Os membros do Prerrogativas, grupo de advogados progressistas, pensam diferente. Eles têm debatido, nesta manhã de quarta, um conjunto de medidas que pretendem apresentar para que a conduta do presidente seja examinada pelo TSE (Tribunal Superior Eleitoral).
“Me parece absolutamente inequívoco o uso da estrutura do Estado com objetivos políticos eleitorais”, afirma Marco Aurélio Carvalho, coordenador do Prerrogativas e sócio fundador da Associação Brasileira de Juristas pela Democracia.
Uso de recursos públicos
Alberto Rollo explica que o que é vetado pela legislação é o uso de recursos e bens públicos para campanha — mas estando em Brasília, sem ter usado recursos para viajar, e em um local diferente do local onde ele compareceu como chefe de Estado, Bolsonaro não cometeu crime.
“Em um desfile cívico, público, não pode ter campanha eleitoral e ele não poderia fazer pedido de votos”, explica Rollo.
Mas estando em um local diferente na Esplanada, Bolsonaro pode argumentar que não confundiu seu papel de chefe de Estado com o de candidato. Ou seja, o uso político do feriado não configura necessariamente crime eleitoral se não tiver sido feito em um contexto em que Bolsonaro está no papel de chefe de Estado.
“Evidentemente, ele busca se aproveitar do momento em que a população está lá reunida para comemorar o Bicentenário da Independência. Ele procura, como se diz no jargão popular, ‘faturar’ dentro desse evento”, diz o professor de direito Guilherme Amorim Campos da Silva, especializado em direito constitucional.

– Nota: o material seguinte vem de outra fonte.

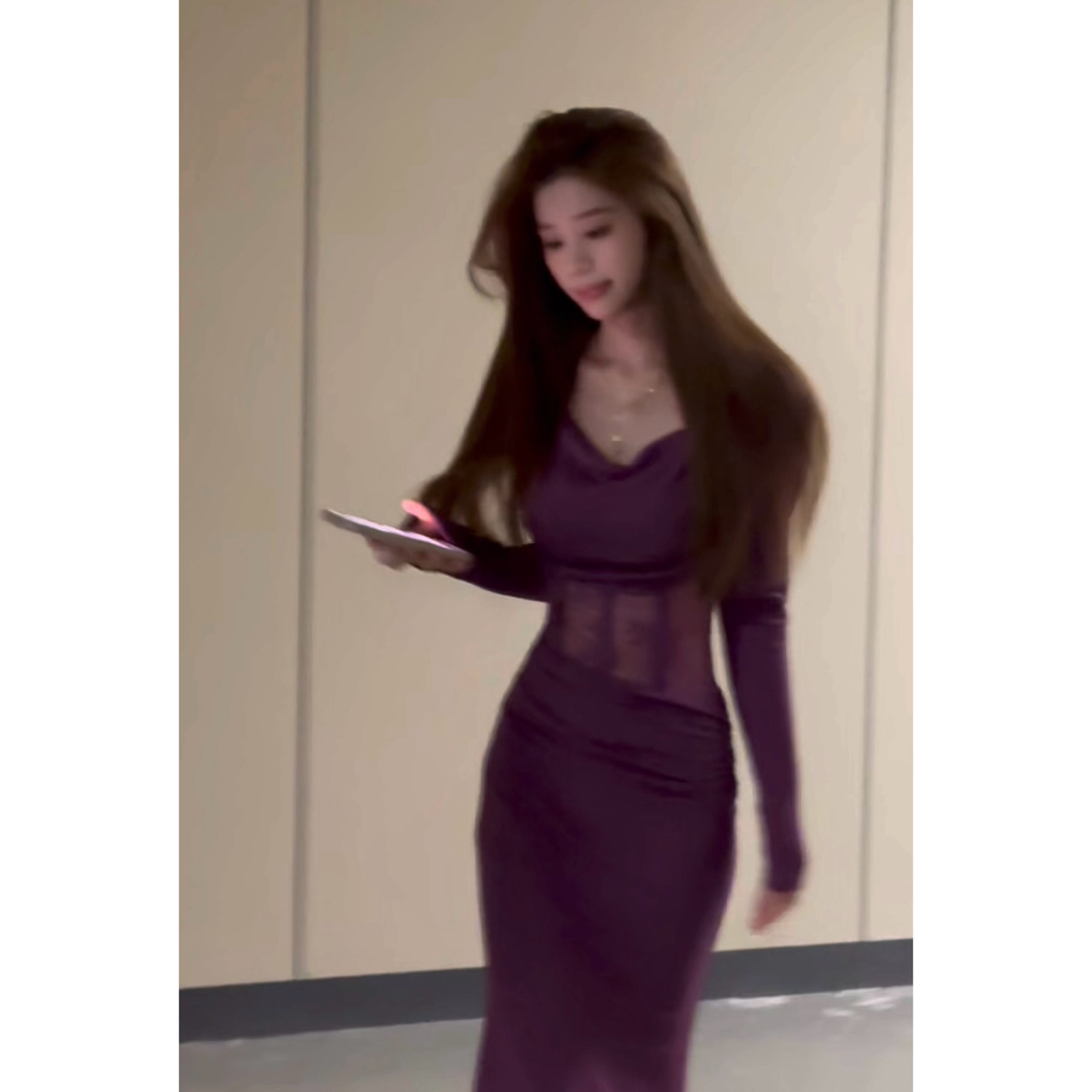 喵喵 ‘紫韵诱人’蕾丝镂空鱼骨长袖连衣裙女秋冬薄绒鱼尾裙 B44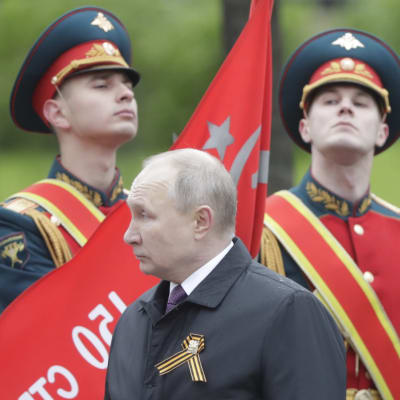 Presidentti Putin tarkistaa joukkoja voiton päivän juhlassa Moskovassa toukokuussa 2021.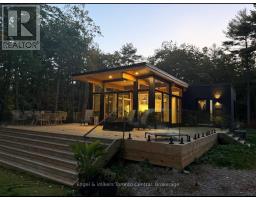736 2190 ISLAND, georgian bay (gibson), Ontario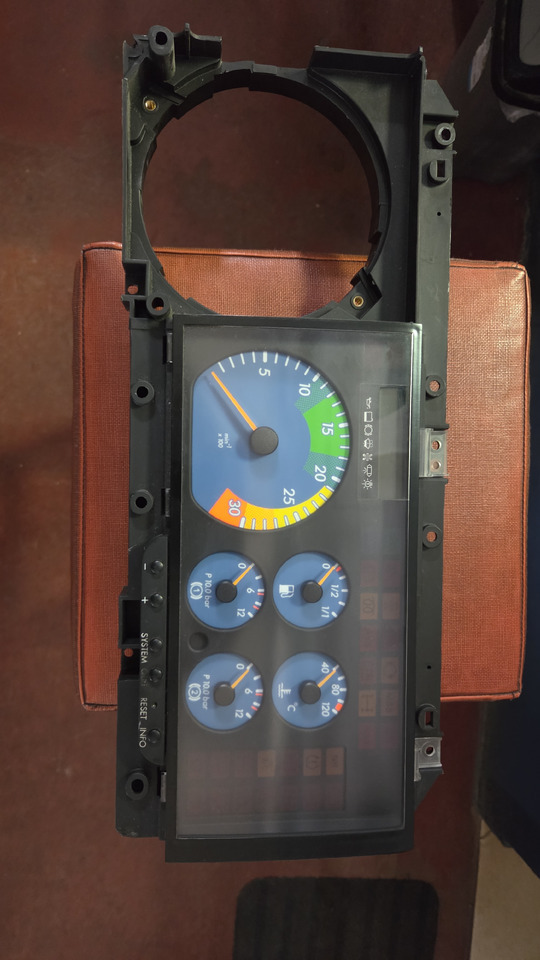 MERCEDES-BENZ INSTRUMENT PANEL MERCEDES ATEGO - لوحة العدادات - شاحنة: صورة 2 MERCEDES-BENZ INSTRUMENT PANEL MERCEDES ATEGO - لوحة العدادات - شاحنة: صورة 2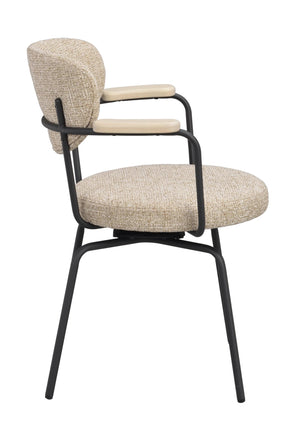 Fåtölj med beige klädsel och svart metallstomme med armstöd i ljust trä, sidovy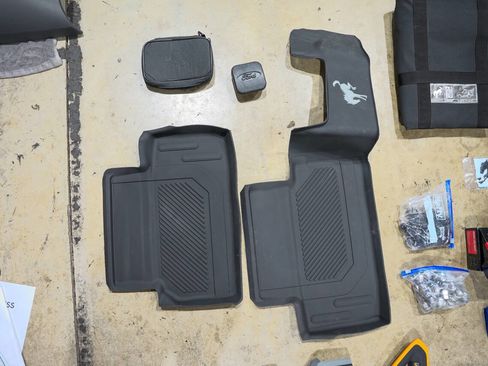 Used 2023 Ford Bronco Badlands image 24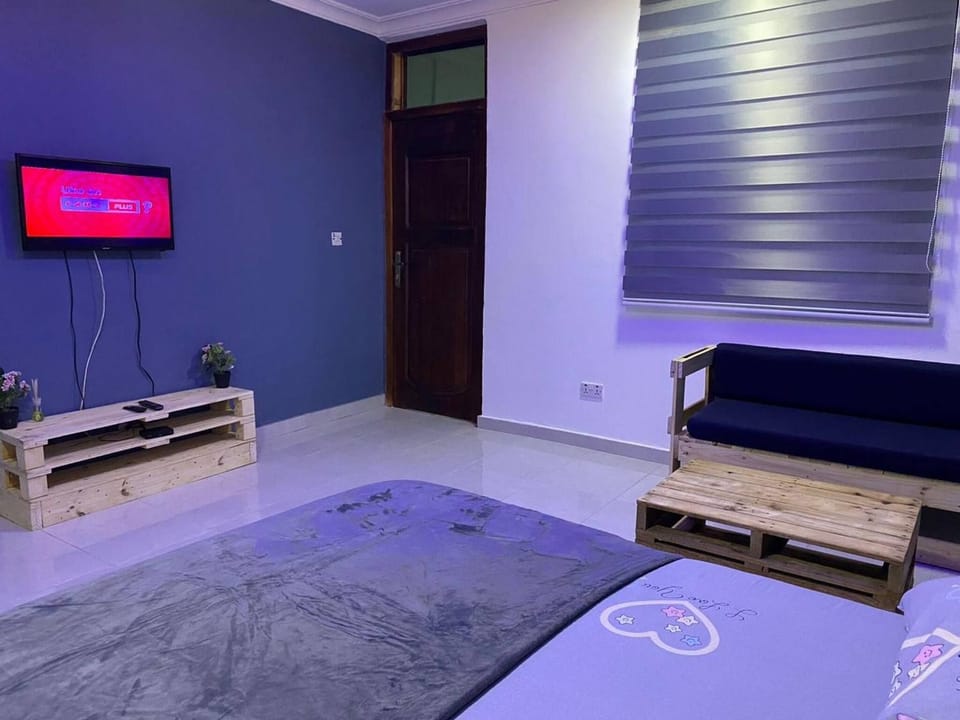 TV and multimedia, Seating area, Bedroom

“No entanto, ficou demonstrado como é possível ter dois momentos bem distintos. Ele se comportou de uma forma durante o desfile e de outra no momento em que fez campanha”, diz Amorim.

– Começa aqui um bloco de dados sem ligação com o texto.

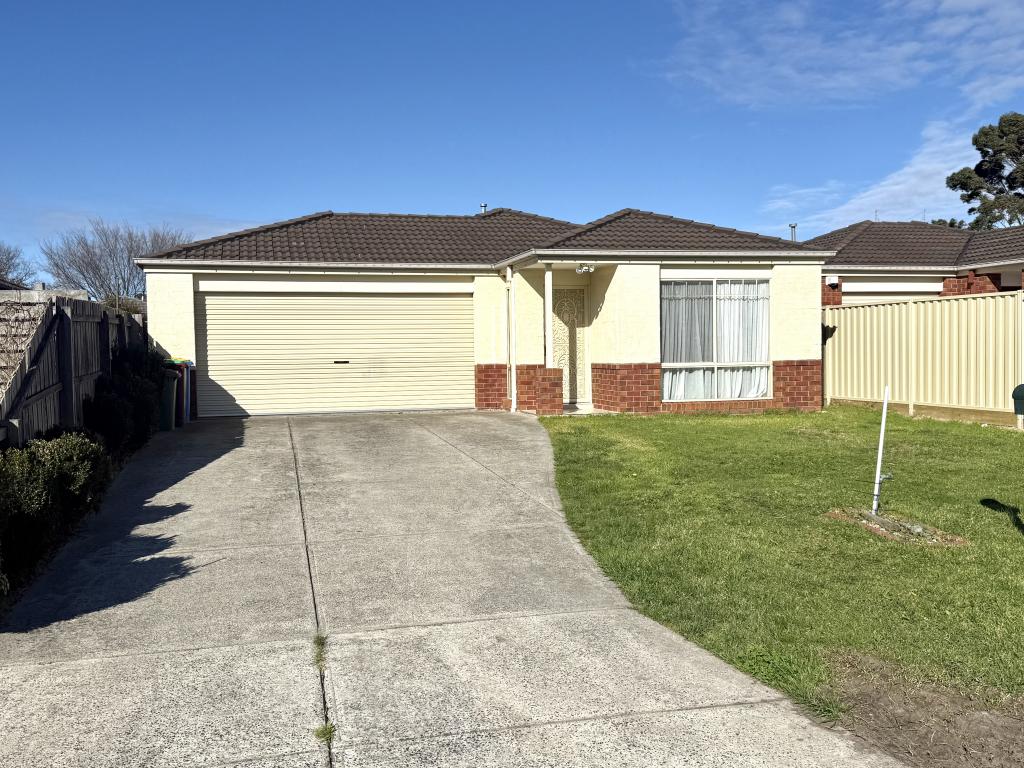 12 Menindee Tce, Narre Warren South, VIC 3805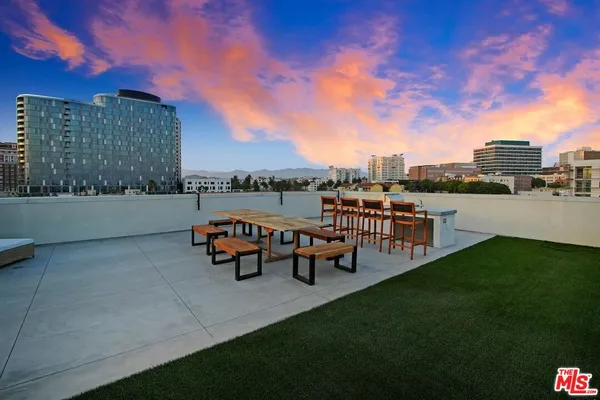 $3,175 | 2847 Leeward Avenue, Unit 206, Los Angeles, CA 90005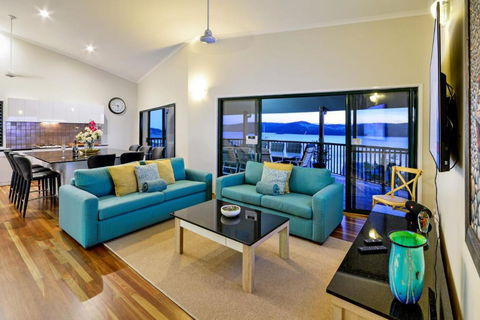 NEWLY BEAUTFULLY RENOVATED 16 The Casuarina 3 Bedroom House With 180 Degree Ocean Views - C Tourism 6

“Quando ele estava como chefe de Estado, ele se comportou dentro dos limites da atuação como representante da República — tirando a indelicadeza de trazer ao seu lado o Luciano Hang, que é uma pessoa da sociedade civil sem respaldo para estar em uma posição de tanto destaque ao lado de convidados estrangeiros.”
Posteriormente, diz o especialista, Bolsonaro fez um ato de campanha, fora do momento institucional.

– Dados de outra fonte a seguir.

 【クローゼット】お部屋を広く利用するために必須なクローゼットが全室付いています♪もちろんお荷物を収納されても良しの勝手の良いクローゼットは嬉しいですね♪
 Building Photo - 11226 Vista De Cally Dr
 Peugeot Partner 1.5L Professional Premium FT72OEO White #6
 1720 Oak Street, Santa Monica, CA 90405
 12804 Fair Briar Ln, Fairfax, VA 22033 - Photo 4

Pedido de voto e críticas ao PT
Rollo afirma que, mesmo se tivesse confundido os dois momentos, Bolsonaro não fez um pedido explícito de voto.
“Ele diz ‘vamos todos votar’, ‘vontade do povo dia 2’, etc. São frases escolhidas sem menção a ele, para serem vagas e subjetivas” afirma o constitucionalista.
“Ele poderia argumentar que está falando sobre o ‘dever cívico do voto'”, explica a advogada Vânia Aieta, professora da UERJ e especialista em direito eleitoral.
Para Marco Aurélio de Carvalho, no entanto, ao se aproveitar das comemorações da Independência, Bolsonaro usa estrutura do Estado para campanha. “Nos preocupa o uso recorrente dessa estrutura, especialmente a utilização de um feriado nacional, de uma data simbólica, de um evento que gastou milhões de reais, precisa ser examinada com lupa pelo TSE. É um gasto enorme de recursos a favor de um projeto político”, afirma Marco Aurélio.
Segundo a advogada Vania Aieta, Bolsonaro se aproxima mais de um discurso objetivamente eleitoral, que pode passar dos limites do permitido pela legislação, ao criticar adversários.
“Sabemos que temos pela frente uma luta do bem contra o mal” disse Bolsonaro. “O mal que perdurou por 14 anos em nosso país. Que quase quebrou a nossa pátria. E que agora deseja voltar à cena do crime. Não voltarão. O povo está do nosso lado.”
“Isso é campanha eleitoral total. Acho que ele escorrega aí e sai do discurso institucional. É muito provável que a campanha do PT entre com uma representação contra isso”, afirma Aieta. “Em geral ele está dentro dos limites, mas é possível que a campanha do PT queira entrar com representação quando ele fala sobre seus adversários.”
“É um pouco mais objetivo nesse trecho, mas sem citar Lula, PT, ele fica no limite”, opina Rollo. “Ele está bem orientado e nesse caso decorou a frase. Mas se não foi no contexto de uso de recursos públicos ele poderia ser até mais objetivo, citar Lula e PT.”